_YOUR ASSIGNMENT_
Determine how many lines in the entries below contain "Fast", and output that number alone.

==============================

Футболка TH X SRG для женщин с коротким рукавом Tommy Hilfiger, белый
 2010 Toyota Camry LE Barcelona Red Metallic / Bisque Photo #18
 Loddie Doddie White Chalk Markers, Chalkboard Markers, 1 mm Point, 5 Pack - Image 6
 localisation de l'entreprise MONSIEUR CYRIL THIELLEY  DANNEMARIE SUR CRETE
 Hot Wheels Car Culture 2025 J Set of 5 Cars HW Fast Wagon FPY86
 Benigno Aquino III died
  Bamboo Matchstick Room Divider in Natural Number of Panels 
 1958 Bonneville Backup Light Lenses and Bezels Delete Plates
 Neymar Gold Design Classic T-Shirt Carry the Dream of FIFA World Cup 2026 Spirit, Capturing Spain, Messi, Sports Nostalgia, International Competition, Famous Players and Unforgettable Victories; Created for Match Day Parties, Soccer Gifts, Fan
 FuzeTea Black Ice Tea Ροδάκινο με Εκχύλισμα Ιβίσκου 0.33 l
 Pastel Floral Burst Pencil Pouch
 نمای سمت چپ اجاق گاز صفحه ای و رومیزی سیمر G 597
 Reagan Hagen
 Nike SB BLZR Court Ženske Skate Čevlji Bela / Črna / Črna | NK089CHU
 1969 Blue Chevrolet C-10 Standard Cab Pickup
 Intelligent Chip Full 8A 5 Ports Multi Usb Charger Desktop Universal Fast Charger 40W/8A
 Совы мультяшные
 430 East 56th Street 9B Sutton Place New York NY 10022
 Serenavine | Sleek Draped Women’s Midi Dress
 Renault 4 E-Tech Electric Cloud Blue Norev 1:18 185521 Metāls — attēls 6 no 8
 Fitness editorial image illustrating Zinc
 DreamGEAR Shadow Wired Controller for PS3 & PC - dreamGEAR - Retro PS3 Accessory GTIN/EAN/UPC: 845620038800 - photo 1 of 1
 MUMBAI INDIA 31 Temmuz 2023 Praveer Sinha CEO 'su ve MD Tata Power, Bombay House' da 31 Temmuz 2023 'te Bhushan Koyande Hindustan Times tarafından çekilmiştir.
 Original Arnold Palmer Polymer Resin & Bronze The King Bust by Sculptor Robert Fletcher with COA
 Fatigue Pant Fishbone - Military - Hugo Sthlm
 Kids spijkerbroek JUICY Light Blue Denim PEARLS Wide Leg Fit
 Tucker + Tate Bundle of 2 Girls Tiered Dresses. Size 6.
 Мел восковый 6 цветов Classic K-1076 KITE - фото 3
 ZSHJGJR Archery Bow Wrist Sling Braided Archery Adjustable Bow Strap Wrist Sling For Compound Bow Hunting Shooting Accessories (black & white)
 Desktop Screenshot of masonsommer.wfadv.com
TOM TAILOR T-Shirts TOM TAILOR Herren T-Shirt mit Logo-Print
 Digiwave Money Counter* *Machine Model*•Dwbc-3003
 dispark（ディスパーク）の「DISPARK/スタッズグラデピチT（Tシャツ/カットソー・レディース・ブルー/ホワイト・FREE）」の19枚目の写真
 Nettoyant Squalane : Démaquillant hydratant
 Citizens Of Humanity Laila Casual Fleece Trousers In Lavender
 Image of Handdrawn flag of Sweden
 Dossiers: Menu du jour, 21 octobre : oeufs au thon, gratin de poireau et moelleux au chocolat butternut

==============================

_SOLUTION TO THIS TASK_
2